* **Problem details**
Would you retype the line that contains "Hey guys, this" and all lines following it to the end of the entries below, exactly and without pictures?

[Dataset entries]
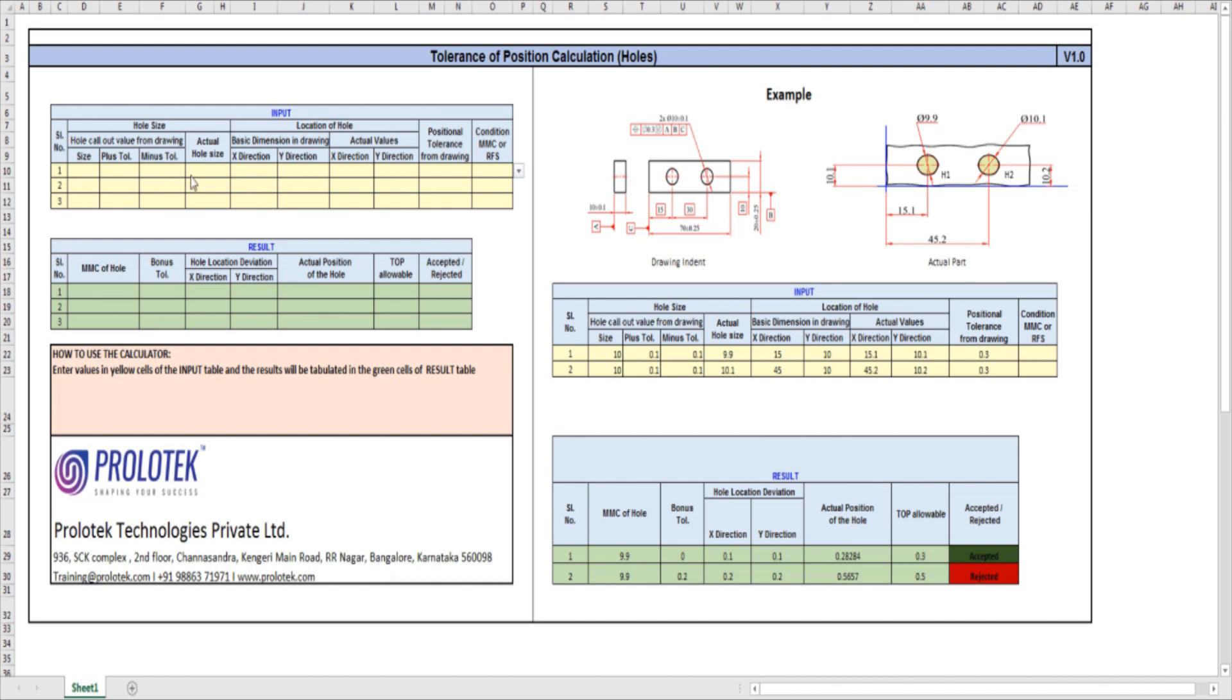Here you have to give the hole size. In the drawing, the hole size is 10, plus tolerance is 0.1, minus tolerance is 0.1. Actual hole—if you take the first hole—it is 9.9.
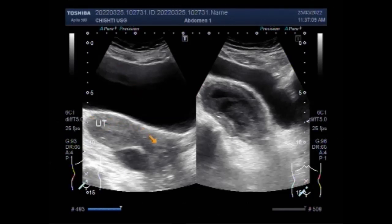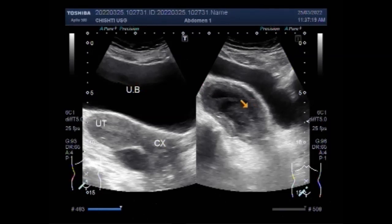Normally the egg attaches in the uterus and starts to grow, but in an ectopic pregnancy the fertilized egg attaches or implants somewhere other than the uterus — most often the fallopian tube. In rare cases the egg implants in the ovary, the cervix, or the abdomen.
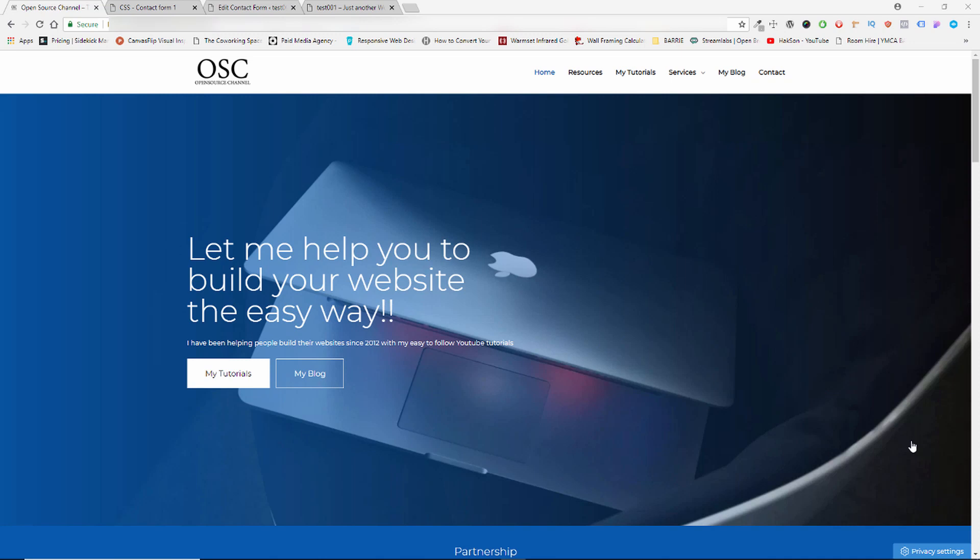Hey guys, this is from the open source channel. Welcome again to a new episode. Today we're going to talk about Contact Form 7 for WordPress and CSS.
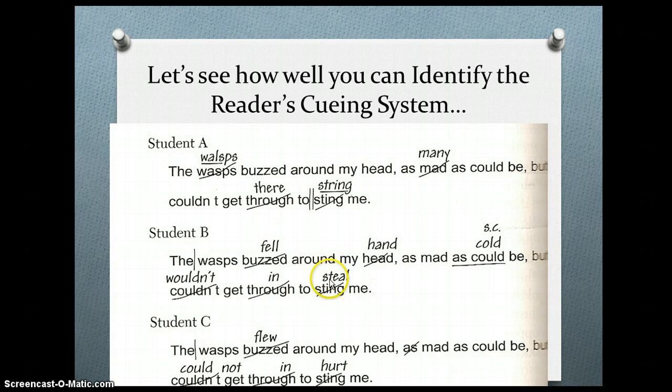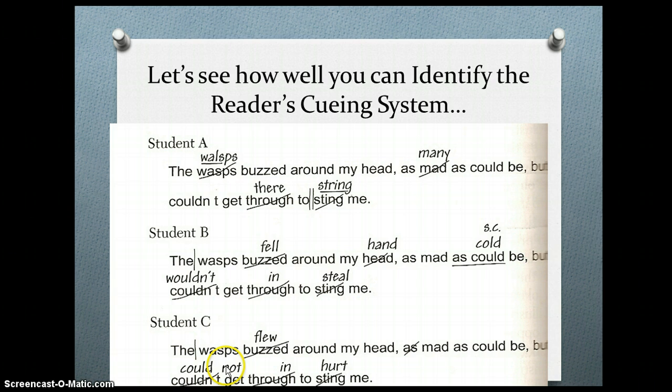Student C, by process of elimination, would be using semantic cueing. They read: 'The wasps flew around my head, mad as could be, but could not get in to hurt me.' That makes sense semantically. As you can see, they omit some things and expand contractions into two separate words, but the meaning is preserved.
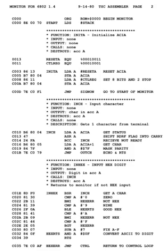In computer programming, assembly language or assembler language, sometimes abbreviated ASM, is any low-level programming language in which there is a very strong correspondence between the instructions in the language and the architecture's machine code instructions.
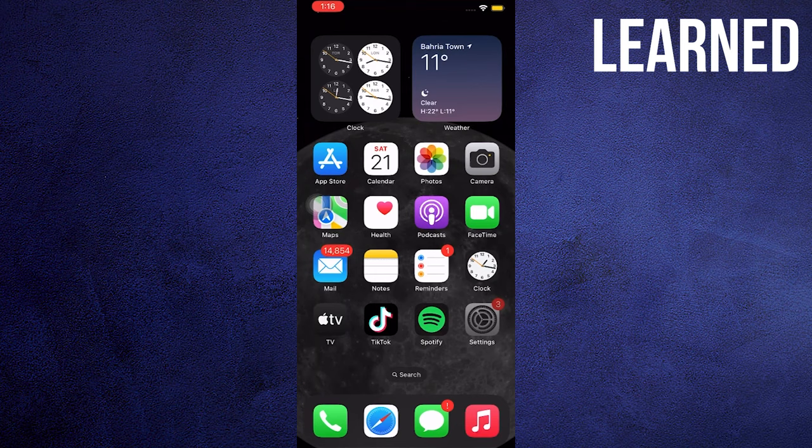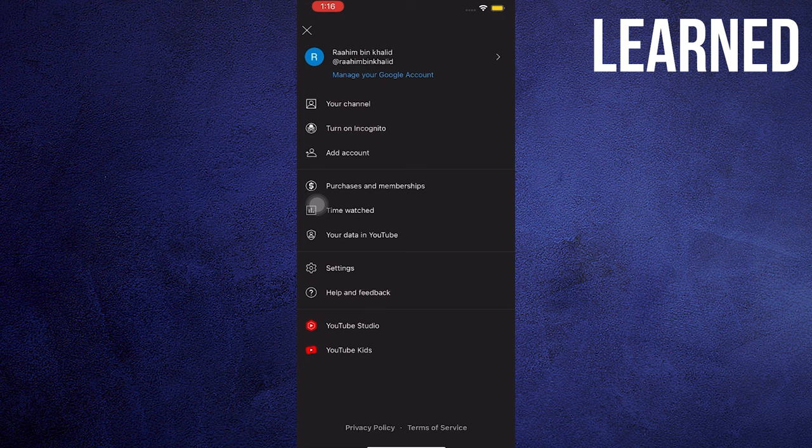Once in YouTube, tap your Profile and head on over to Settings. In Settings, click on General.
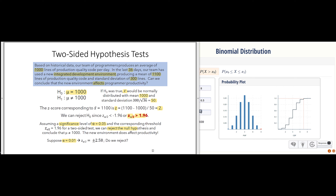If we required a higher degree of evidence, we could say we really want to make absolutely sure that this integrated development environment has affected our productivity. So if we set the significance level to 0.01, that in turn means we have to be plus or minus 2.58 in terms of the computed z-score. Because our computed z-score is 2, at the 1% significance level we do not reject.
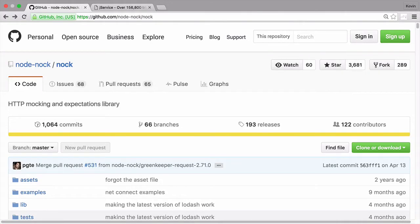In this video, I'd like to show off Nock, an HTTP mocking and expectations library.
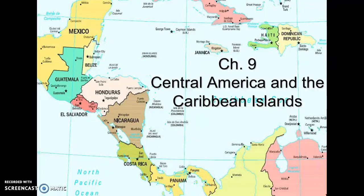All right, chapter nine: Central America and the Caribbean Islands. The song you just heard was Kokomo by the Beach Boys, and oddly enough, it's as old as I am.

* **Response to this task**
Hey guys, this is from the open source channel. Welcome again to a new episode. Today we're going to talk about Contact Form 7 for WordPress and CSS.
Student C, by process of elimination, would be using semantic cueing. They read: 'The wasps flew around my head, mad as could be, but could not get in to hurt me.' That makes sense semantically. As you can see, they omit some things and expand contractions into two separate words, but the meaning is preserved.
In computer programming, assembly language or assembler language, sometimes abbreviated ASM, is any low-level programming language in which there is a very strong correspondence between the instructions in the language and the architecture's machine code instructions.
Once in YouTube, tap your Profile and head on over to Settings. In Settings, click on General.
If we required a higher degree of evidence, we could say we really want to make absolutely sure that this integrated development environment has affected our productivity. So if we set the significance level to 0.01, that in turn means we have to be plus or minus 2.58 in terms of the computed z-score. Because our computed z-score is 2, at the 1% significance level we do not reject.
In this video, I'd like to show off Nock, an HTTP mocking and expectations library.
All right, chapter nine: Central America and the Caribbean Islands. The song you just heard was Kokomo by the Beach Boys, and oddly enough, it's as old as I am.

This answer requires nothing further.